The deal is great from a gross money perspective. If you take out the 2000 season -- where the deferred money comes from -- Bonilla's career earnings are $46.45 million, so the $29.8 million looms large. Also understand that because he didn't have to earn the money in 2000 and collects years later instead, he isn't paying New York income tax (he lives in Florida, a state with no income tax), nor the so-called "jock taxes" for earning money on the road in states that do have income tax.



But you also have to account for what Bonilla could have done with the money if he did get that $5.9 million in 2000. We did the math by using a conservative strategy of putting that $5.9 million into the market in January 2000, when this deal was struck. We put 60 percent of the money in stocks and 40 percent in bonds and rebalanced the portfolio to those percentages at the start of each year following our gains in each area. Going back historically, we learn that Bonilla would have aggregated $16.5 million by December 2015. Through the deal the Mets gave him, he collected only $5.9 million by December 2015.
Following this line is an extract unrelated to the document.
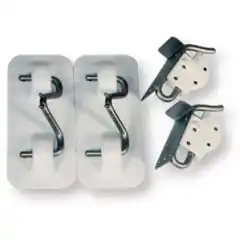 Snap-davit med PVC-puter. Praktisk sett for &aring; vippe jolle/gummib&aring;t av PVC akter p&aring; b&aring;ten.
Looking at it that way, it doesn't look like Bonilla got the steal of the century. But what happens if you assume that Bonilla needs to live off that money starting in the year the deferred money pays out? You put that $5.9 million into the stock and bond market with the same percentages and you withdraw six times. (His first withdrawal would come in 2010 to prepare for 2011.) If you do that, you're left with $7.35 million to reinvest starting in 2016, having taken out $1.19 million six times. This is where you start to stall. You have to make that $7.35 million work for you to get 19 more payments, and you're staring at a market where bonds are generating only 2 percent yields and the stock market isn't so hot. It's nearly impossible to think that you can do that. So in that scenario, Bonilla is better from a financial-planning perspective having accepted the deal from the Mets.



So why do the Mets get made fun of for making this deal?
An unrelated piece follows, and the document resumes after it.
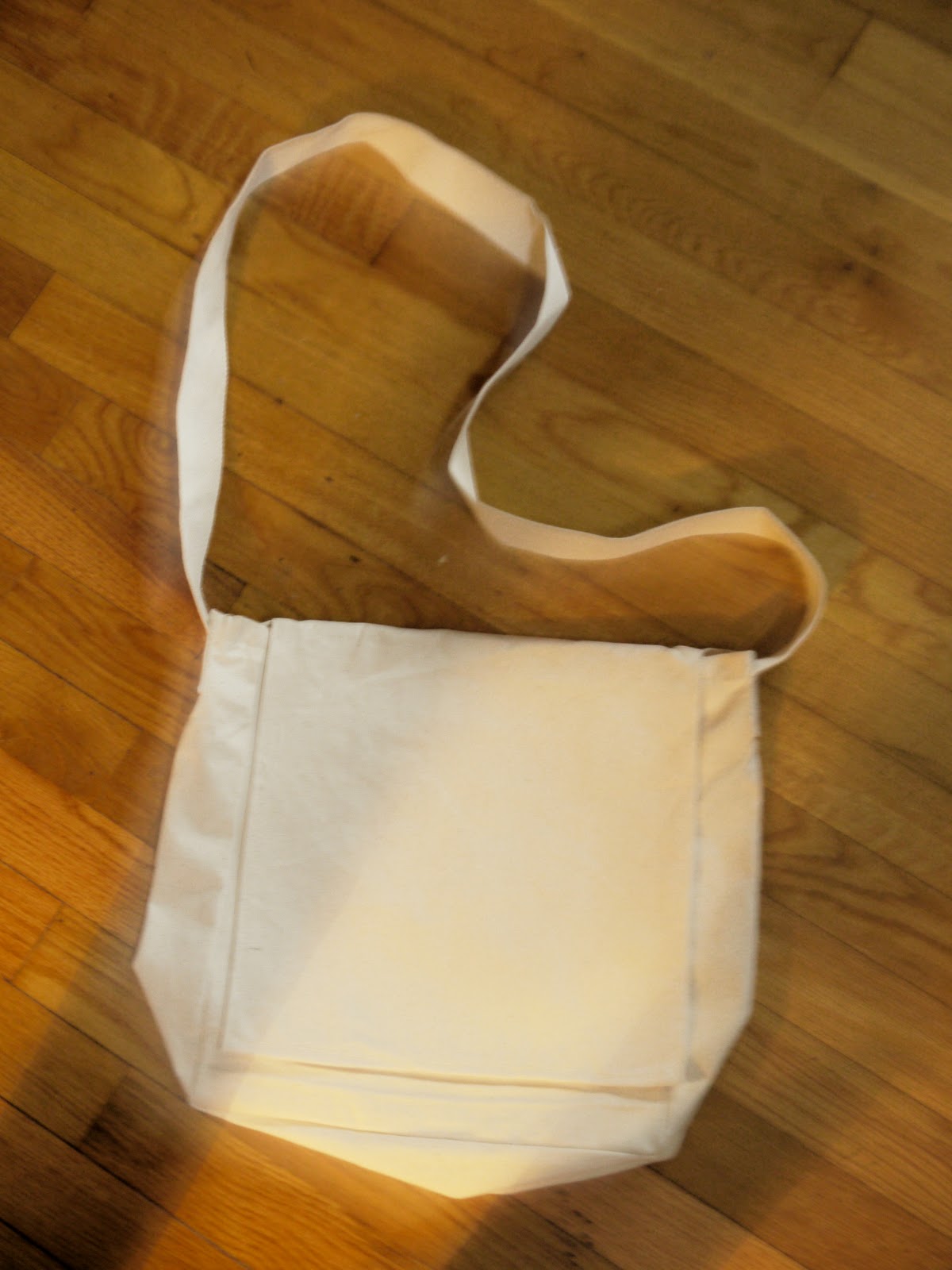 Plain Messenger Bag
This is a complex question. It starts with the fact that Bonilla was a disappointment for the team. In his second stint with the Mets, he was on the disabled list frequently, and when he was playing, he wasn't any good.



It's also funny that, as a 53-year-old this year, he is still on the Mets' payroll. But I believe that much of why so many people make a big deal about this is because of how cheap the Mets' pitching staff is. So much of why Bobby Bonilla trends on Twitter everyJuly 1has to do with the fact that he still makes more than most of the team's great young pitchers -- Jacob DeGrom, Noah Syndergaard and Steven Matz all make less than $610,000 per year.
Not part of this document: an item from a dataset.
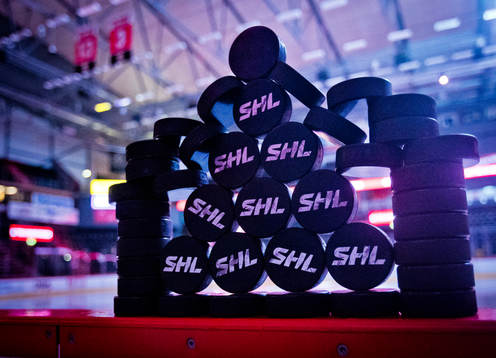 Pucktorn med SHL logotyper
There's also the Madoff part, which leaves the Mets open to ridicule. Of course many Mets fans who make fun of the deal don't follow it through completely. Hampton was with the Mets for one year, but when he went to the Rockies in 2001, the Mets got the 38th pick in the draft, which they used to pick ...David Wright!



What other fun deferred money deals are out there?


Aside from paying Bonilla through 2035, the Mets are paying Bret Saberhagen, who was also represented by Gilbert, $250,000 per year through 2029. The Diamondbacks will be paying Bernard Gilkey, who retired in 2001, his last payment next year. Why? Gilkey signed a four-year contract with the Mets from 1997 to 2000. The deal deferred $2.5 million from his 1999 salary and $2.5 million from his 2000 salary, which turned into a $9 million annuity. But the Diamondbacks took on that contract in August 1998.



And now get ready for the real kicker. Gilbert recently sat down with ESPN for a new digital series forFiveThirtyEight, "Contracts," debuting later this summer. He said thatBonilla actually has another deferred deal with the Mets that makes another $12.5 million. It was part of his first deal with the team that ran from 1992 to 1996. The $29 million deal made Bonilla the highest-salaried player in baseball at the time. Part of the deal was to defer some money, which resulted in Bonilla getting $500,000 a year from 2004 through 2023. The Mets shipped Bonilla to the Orioles for the last season and a half of that deal, so they split the fare with Baltimore.